In extreme cases, UWCSEA can also call on International SOS to coordinate emergency airlifts and evacuations. Read recalls one memorable incident: “We once had a girl on a trip in Nepal with suspected appendicitis. International SOS airlifted her to Kathmandu where local doctors wanted to operate. International SOS checked her medical records and they were sceptical; they triaged a call with her parents and the UWCSEA Duty Manager, and armed with multiple strands of information advised that we fly her back to Singapore. We did just that; the doctors there confirmed it wasn’t appendicitis but another, non-critical medical condition. If it hadn’t been for International SOS, that girl would probably have been operated on in Nepal unnecessarily. As it was, she was back in school on the Monday.”
MANAGING RISKS THROUGH INFORMATION AND KNOWLEDGE
The English Schools Foundation (ESF) in Hong Kong is a not-for-profit organisation comprising 21 schools ranging from primary to secondary to special needs. Set up by the Hong Kong Government in 1967, ESF caters for 18,000 students from a wide variety of nationalities and cultural backgrounds, studying within the International Baccalaureate programmes and International GCSE curricula.
Like UWCSEA, ESF Hong Kong offers a range of overseas expeditions and activities in Hong Kong, China and mainly developing countries worldwide. The philosophy is to challenge students physically, creatively and through service to others. The scale of the operation involves some inherent risks. Each year, over 3,000 ESF secondary students take part in outdoor adventure and community service projects overseas, often in tropical environments. But according to Chris Durbin, School Development Adviser at ESF, until recently there was a reliance on teachers’ own expertise to plan and document risk mitigation strategies: “We had a very strong system of risk assessment but our school trips and expeditions are naturally risky because most are to developing countries,” says Durbin. “It was clear we required professional risk mitigation advice and a more sustainable system for knowledge transfer and decision making, and these requirements led us to International SOS.”

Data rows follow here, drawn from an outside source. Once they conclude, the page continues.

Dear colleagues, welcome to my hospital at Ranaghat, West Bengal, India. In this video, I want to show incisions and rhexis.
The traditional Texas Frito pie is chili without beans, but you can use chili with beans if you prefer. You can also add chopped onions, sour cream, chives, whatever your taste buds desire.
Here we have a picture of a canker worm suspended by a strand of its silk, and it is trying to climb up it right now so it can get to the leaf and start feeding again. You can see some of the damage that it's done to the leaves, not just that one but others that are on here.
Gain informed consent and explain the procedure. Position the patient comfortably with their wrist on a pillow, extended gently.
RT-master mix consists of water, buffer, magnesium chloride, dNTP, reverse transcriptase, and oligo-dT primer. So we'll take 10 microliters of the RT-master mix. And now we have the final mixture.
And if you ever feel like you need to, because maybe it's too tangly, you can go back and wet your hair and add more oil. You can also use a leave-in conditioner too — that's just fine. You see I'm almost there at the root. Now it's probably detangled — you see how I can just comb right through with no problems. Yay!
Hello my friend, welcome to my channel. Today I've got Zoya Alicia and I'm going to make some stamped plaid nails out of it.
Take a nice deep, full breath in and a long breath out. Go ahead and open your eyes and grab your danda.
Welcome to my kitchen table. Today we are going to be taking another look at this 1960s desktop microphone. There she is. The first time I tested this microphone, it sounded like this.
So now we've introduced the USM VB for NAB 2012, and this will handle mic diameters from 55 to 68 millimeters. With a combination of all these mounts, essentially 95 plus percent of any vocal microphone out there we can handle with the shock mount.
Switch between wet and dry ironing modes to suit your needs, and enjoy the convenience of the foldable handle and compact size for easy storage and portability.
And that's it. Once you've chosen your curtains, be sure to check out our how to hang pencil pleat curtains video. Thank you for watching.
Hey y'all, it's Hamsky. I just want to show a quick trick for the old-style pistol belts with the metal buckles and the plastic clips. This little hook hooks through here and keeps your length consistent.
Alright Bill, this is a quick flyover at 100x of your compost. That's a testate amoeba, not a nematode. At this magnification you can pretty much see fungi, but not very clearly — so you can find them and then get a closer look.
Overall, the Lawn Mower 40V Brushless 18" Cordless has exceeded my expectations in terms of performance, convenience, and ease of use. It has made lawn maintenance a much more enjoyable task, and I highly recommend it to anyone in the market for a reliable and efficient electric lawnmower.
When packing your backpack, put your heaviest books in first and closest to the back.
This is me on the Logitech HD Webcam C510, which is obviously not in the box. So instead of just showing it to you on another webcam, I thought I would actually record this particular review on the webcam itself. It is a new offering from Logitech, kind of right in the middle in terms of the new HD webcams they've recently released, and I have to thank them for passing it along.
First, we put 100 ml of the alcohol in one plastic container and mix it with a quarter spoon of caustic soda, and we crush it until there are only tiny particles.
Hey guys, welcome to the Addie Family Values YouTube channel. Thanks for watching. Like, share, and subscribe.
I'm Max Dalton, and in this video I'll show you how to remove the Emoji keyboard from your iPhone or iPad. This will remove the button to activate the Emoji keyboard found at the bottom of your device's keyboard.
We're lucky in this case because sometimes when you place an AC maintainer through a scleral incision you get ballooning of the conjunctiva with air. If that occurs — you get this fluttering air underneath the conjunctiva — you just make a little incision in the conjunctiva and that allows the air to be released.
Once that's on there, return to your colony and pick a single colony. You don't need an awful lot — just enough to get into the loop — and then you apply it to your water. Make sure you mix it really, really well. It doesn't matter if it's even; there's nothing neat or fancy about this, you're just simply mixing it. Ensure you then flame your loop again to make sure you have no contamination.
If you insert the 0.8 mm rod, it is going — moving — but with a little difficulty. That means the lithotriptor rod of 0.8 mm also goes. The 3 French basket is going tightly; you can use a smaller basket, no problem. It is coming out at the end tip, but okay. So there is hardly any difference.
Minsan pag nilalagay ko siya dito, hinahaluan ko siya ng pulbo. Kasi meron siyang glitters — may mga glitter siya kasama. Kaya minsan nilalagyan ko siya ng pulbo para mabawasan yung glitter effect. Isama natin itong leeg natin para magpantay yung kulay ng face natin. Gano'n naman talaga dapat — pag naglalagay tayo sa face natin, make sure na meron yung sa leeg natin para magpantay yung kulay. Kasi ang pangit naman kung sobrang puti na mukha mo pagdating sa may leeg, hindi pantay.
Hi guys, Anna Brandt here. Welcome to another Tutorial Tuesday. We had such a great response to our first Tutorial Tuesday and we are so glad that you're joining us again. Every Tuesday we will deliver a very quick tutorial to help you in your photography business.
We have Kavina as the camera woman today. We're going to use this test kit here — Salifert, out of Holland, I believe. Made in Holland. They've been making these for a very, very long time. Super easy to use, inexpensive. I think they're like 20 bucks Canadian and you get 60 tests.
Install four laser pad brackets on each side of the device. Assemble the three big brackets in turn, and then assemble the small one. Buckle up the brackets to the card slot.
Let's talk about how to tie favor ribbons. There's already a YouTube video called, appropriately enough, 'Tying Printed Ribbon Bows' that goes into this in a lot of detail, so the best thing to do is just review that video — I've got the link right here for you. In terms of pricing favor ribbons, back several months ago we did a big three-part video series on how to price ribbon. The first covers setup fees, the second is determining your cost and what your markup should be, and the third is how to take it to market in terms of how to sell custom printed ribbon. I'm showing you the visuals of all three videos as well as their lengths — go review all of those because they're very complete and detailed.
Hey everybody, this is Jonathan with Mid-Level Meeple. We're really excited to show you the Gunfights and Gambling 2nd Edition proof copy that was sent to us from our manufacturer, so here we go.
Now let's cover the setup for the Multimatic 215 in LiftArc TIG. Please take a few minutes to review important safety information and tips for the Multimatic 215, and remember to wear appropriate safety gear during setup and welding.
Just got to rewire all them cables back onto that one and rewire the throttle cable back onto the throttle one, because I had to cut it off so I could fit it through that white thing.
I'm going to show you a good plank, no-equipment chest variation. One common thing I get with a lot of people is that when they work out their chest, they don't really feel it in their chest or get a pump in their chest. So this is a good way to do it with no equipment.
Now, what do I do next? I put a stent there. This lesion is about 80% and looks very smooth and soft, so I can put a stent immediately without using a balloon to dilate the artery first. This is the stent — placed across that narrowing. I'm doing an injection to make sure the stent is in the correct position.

DUE DILIGENCE AND DUTY OF CARE
In its relationship with ESF, International SOS provides very precise and neutral information on school trip destinations which, as Durbin explains, is vital for helping to assuage parental fears: “It’s a huge responsibility, taking someone else’s child overseas. Naturally, parents worry – but often their fears are fuelled by overblown media reporting of events on the ground, as was the case during the H5N1 (bird flu) outbreak. What we get from International SOS is very clear, unbiased and non-alarmist information, which enables us to make informed judgements about risk potential.”
During the imposition of martial law in Thailand, ESF cancelled all school trips to the area based on International SOS’ alerts and advice. Meanwhile, precise situational analysis following the typhoon that struck the Philippines in November 2013 enabled ESF to push on with a vital community service expedition: “We learned from International SOS that the hotel our students were due to stay in was in the lee of a mountain; it was on safe ground and the local hospital was undamaged. This reassured us that it was safe to proceed. Our students performed five days of really valuable community service and had a great time, helping to restore vegetation as part of a local environmental project. In the days before International SOS the trip would have been cancelled; now, using their accurate information and expert guidance, combined with teachers’ common sense, we can manage the risks safely and intelligently. In this way, parents and school leaders can rest assured we are showing due diligence and discharging our primary Duty of Care – which is to keep our students safe and well as we provide a unique and valuable educational experience that they will remember for the rest of their lives.”